### Source data

-*-

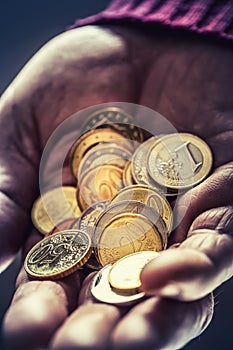 Pensioner man holding in hands euro coins. Theme of low pensions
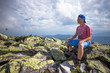 © lkoimages - Happy hiker enjoy beautiful mountains. Relax summer time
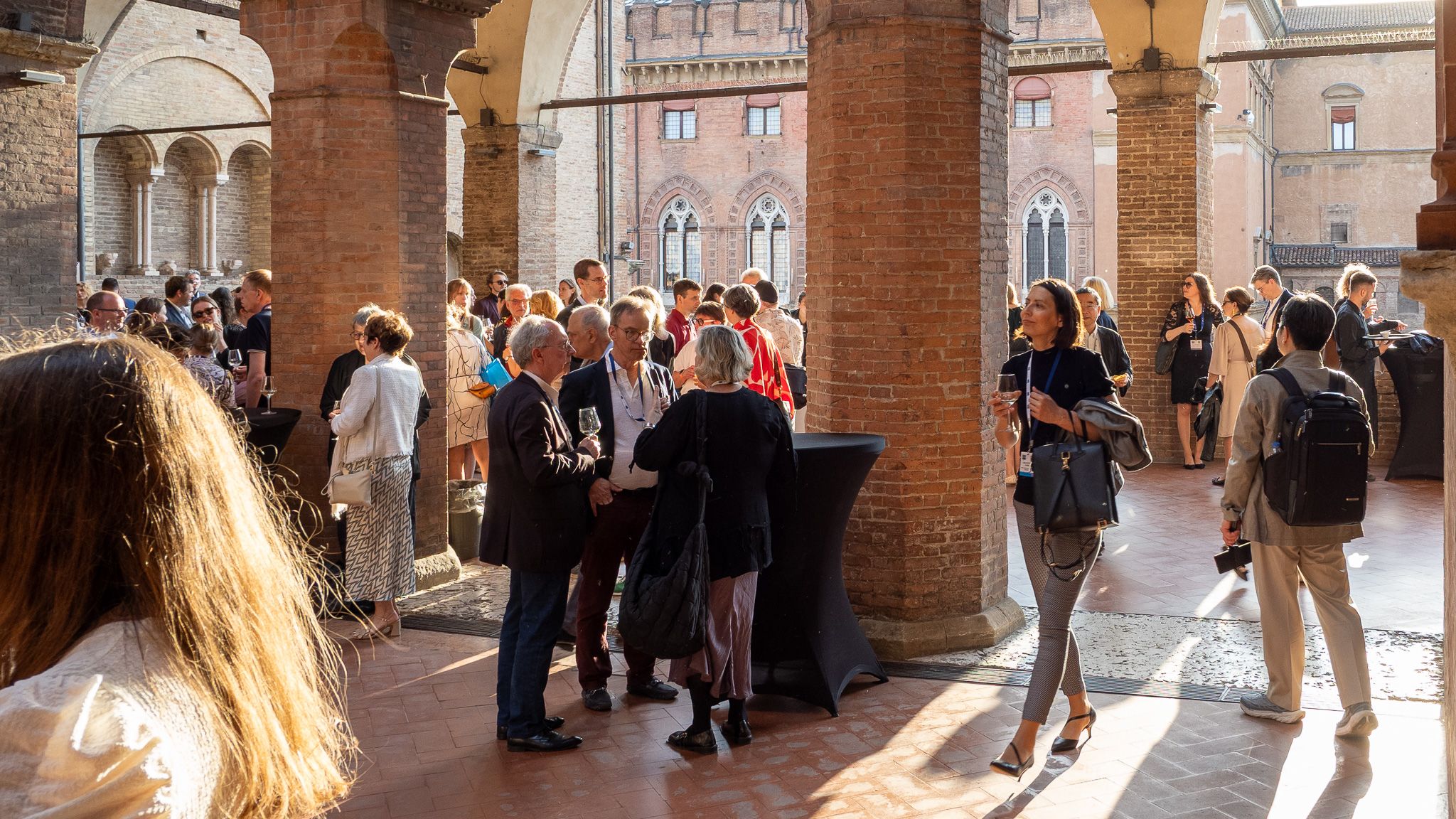 People in festive clothing at a gala networking dinner at a medieval location.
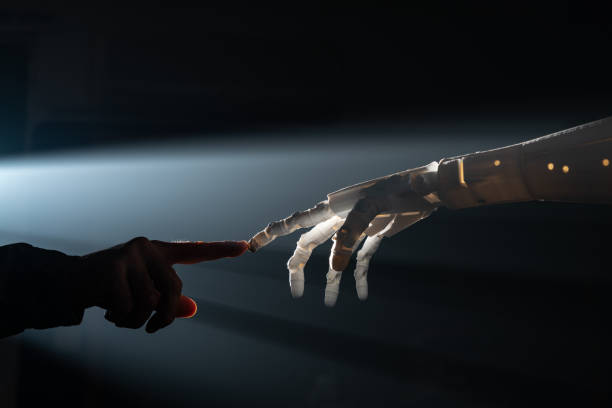 istock Human Finger Touching Robot Fingers 1308080783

-*-

Exclude the pictures and print the rest of the data exactly.

 Pensioner man holding in hands euro coins. Theme of low pensions
 © lkoimages - Happy hiker enjoy beautiful mountains. Relax summer time
 People in festive clothing at a gala networking dinner at a medieval location.
 istock Human Finger Touching Robot Fingers 1308080783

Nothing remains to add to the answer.